A SOCIEDADE FORA DO JOGO

O Estado de S. Paulo – 14 de outubro, 2020

À parte expor um ponto de vista e alguma escala de valores o mexerico que envolve a indicação para novo ministro do Supremo rouba a cena. A reconstituição do Tribunal Superior pela reprogramação pessoal de seus membros é o desfecho ameaçador do efeito cumulativo de funcionar como corte individual. 

É difícil analisar a grandeza de uma indicação se não é considerado pequeno elevar-se artificialmente ao alto. Um indicado mata-borrão, escolhido para absorver interesses e não pelo mérito, pode, sim, um dia virar ministro.  Assim, a crítica não se aplica ao magistrado pelo fato de ser do Piauí, terra querida, filha do sol do Equador, mas a alguém disposto a ser peça na charada de decisões combinadas.  

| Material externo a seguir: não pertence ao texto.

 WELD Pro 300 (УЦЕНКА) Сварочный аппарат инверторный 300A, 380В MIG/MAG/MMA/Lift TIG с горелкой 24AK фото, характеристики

Como nós não temos unidade sobre as exigências do espírito não há um eixo comum para ver as coisas. O que parece transparente pode ser indecente, e o opaco brilhante. Poder é devoção e o fervor de agradar uma profundeza da vida política. A atual indicação para o Supremo parece nudez escondida na cegueira. 

Ninguém sabe ao certo de onde o presidente tira a energia para formar seus ossos. Seu apetite não muda com as circunstâncias. O que temos visto são as circunstâncias se ajustarem ao seu apetite. Farejadores de ocasião se aproximam e por um tempo andam na mesma direção. 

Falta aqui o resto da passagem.